Introduction: Twofish Encryption Algorithm on ZYBO

Greetings!

In this project I will show you how to create an encryption IP. The algorithm used is Twofish, a clock cypher with keys and plaintext ranging from 128 bits to 256 bits. It is one of the finalists of the Advanced Encryption Standard contest, with no successful cryptanalytic attack known to date. More information about the cypher can be found here:

https://www.schneier.com/academic/twofish/

This project's aim is to implement only the 128 bit version of the encryption algorithm. This requires some HDL and FPGA knowledge. The language used to describe the IP is Verilog 2001, with little use of SystemVerilog in certain sections.

Step 1: Tools Used

Simulation tool: Vivado Simulator

Synthesis and implementation tool: Vivado 2016.4

Software development kit: SDK 2016.4

Development board: ZYBO Zynq-7000 Development board

Storage: microSD card

Terminal: Tera Term

Step 2: Twofish Structure

Twofish consists of 16 rounds built similar to the Feistel network structure. This is of great advantage because encryption and decryption are quite similar in structure, the only major differences are the keys used in those processes.

Also, both inputs and outputs are XORed with 8 keys K0....K7. Those steps are called input whitening and output whitening. XOR operations are used in most ciphers because they are reversible operations, allowing decryption to be implemented.

Other elements of the algorithm include Maximum Distance Separable matrices (MDS), Pseudo-Hadamard Transform (PHT) and key dependent S-boxes.

The S-boxes are new in cipher designs. They are used as a non-linear fixed substitution operation. In Twofish, each S-box consists of three 8-by-8-bit fixed permutations chosen from a set of two possible permutations, namely q0 and q1.

MDS multiplies a 32-bit input value by 8-bit constants, with all multiplications performed (byte by byte) in the Galois field GF (256). The polynomial used in this operation is x^8 + x^6 + x^5 + x^3 + 1.

The PHT is a simple addition function described by the equations:

a' = a + b
b' = a + 2*b


The cipher uses 40 keys ranging from K0 to K39. As described earlier, 8 keys are used for whitenings steps. the other keys are used in each of the 16 rounds. A big advantage of the cipher is that there is a small difference between the round structure and the key-generator function, thus allowing us to use the same blocks for both rounds and key-generating.

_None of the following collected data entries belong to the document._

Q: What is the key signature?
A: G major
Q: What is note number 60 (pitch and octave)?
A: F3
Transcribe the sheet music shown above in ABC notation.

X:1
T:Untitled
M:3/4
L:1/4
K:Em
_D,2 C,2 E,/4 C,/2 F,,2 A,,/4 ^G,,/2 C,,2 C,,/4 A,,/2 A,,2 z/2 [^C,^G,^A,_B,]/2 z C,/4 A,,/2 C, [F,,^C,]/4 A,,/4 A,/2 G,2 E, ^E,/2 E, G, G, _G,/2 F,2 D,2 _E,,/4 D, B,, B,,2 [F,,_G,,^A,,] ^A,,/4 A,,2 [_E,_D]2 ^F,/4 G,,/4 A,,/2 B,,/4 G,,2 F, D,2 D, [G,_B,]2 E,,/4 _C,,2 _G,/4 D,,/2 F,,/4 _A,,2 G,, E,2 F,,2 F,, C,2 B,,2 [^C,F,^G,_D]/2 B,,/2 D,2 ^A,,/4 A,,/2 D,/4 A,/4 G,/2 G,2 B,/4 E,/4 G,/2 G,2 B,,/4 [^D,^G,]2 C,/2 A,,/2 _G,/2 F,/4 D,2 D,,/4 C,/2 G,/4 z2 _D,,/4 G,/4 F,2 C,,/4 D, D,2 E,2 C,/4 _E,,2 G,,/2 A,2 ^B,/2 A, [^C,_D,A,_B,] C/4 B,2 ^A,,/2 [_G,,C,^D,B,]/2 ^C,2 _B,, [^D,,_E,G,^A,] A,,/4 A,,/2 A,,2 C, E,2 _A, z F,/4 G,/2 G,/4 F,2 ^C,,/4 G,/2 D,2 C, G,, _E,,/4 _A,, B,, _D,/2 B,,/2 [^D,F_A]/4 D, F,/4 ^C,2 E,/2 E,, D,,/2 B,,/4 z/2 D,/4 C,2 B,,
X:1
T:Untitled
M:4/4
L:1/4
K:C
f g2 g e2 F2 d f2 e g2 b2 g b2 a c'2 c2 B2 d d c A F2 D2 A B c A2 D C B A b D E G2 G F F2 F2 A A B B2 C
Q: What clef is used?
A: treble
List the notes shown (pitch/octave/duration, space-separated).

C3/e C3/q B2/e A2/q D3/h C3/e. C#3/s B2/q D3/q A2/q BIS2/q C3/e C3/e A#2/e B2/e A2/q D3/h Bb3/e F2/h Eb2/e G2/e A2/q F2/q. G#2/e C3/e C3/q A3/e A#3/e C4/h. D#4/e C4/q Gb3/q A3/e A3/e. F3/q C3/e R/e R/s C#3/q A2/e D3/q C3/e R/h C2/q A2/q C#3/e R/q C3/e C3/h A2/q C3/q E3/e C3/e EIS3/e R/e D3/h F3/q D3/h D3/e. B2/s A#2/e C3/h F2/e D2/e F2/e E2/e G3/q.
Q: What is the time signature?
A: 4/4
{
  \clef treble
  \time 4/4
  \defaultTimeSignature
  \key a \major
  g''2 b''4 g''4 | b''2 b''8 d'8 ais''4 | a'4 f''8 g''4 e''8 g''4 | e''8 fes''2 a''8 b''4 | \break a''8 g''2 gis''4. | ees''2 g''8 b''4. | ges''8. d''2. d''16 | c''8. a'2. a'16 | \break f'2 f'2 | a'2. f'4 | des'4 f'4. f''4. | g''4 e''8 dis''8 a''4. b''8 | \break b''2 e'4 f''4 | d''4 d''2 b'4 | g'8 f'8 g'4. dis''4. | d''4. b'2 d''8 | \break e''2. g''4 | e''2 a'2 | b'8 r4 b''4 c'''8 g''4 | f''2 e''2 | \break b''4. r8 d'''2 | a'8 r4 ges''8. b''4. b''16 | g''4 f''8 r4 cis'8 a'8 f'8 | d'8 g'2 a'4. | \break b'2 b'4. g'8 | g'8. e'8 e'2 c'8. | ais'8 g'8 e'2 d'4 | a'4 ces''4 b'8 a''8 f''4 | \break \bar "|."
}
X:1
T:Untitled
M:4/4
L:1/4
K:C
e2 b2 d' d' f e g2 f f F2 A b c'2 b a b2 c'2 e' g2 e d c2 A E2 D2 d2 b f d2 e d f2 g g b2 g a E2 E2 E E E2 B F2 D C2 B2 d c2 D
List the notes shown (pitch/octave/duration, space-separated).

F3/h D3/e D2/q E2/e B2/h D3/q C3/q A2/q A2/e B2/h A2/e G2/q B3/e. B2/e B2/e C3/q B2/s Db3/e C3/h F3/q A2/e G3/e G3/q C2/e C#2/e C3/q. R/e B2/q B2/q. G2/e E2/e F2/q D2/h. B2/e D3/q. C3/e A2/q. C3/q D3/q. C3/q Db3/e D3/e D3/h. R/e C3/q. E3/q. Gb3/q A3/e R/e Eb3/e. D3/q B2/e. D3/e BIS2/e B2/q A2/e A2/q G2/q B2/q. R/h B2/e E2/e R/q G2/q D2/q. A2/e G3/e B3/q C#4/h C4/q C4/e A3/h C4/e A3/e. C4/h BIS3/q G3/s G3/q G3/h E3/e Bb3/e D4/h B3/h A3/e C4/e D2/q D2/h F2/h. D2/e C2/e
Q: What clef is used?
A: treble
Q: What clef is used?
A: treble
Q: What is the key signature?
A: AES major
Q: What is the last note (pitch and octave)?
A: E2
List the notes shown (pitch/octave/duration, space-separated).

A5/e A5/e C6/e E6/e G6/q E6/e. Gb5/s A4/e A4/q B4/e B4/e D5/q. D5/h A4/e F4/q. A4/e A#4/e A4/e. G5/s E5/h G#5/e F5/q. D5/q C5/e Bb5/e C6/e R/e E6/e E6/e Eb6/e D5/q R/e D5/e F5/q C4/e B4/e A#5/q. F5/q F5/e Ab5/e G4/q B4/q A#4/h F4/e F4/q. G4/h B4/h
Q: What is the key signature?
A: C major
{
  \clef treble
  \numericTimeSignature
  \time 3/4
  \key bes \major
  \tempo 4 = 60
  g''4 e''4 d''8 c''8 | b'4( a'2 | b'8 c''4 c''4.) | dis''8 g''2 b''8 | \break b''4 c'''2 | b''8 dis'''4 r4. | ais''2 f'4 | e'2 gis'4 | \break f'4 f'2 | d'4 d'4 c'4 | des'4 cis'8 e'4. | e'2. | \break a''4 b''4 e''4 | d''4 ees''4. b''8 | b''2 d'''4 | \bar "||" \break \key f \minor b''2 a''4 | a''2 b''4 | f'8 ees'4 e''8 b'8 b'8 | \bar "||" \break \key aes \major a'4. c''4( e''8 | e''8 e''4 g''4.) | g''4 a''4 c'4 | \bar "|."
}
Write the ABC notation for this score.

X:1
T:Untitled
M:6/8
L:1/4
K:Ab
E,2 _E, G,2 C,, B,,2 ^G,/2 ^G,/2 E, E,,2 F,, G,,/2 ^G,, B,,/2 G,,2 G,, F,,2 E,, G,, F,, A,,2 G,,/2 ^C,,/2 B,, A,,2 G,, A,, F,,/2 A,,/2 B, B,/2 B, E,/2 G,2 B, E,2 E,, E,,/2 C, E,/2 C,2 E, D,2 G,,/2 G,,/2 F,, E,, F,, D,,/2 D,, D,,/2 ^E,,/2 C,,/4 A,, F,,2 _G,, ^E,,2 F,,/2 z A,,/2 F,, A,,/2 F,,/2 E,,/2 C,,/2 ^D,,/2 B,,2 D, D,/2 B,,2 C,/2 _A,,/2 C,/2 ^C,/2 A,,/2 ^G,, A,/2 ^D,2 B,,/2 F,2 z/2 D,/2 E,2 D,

A much more detailed explanation of the structure:

https://www.schneier.com/academic/paperfiles/paper...

Step 3: Structure Modifications

In order to improve the speed of the encryption process, certain modifications have been made:

1) Most matrix multiplications have been replaced with look-up tables. This allows for the fastest possible operations. On the downside, the area occupied by the implementation raised considerably.

2) Instead of using a single function that has it's outputs driven to it's inputs 16 times (the rounds), I created 16 functions. This creates a pipeline structure that makes it possible to feed plaintext inputs while other texts are being encrypted, considering that we use the same key for encrypt data. While this speeds up the encryption of large portions of data quite fast, the area occupied raises by 16 times.

3) In order to reduce the number of look-up tables (considering that each function has four LUTs of 256 elements and there are 16 functions....), the structure of the function F has been modified. Instead of using two H functions that have the same internal structure, a MUX has been used. This is doable because the only difference between the two is the input, one function has the input rotated 8 positions to the left. So, a MUX that has a toggle signal on it's selection will drive the input on the first clock cycle to the function H and on the next clock cycle it will rotate the input 8 times before driving it to the function H. This will halve the number of LUTs used.

Step 4: Simulating the Design

Open Vivado and add the source files form the src folder and twofishTB.v from the tb folder.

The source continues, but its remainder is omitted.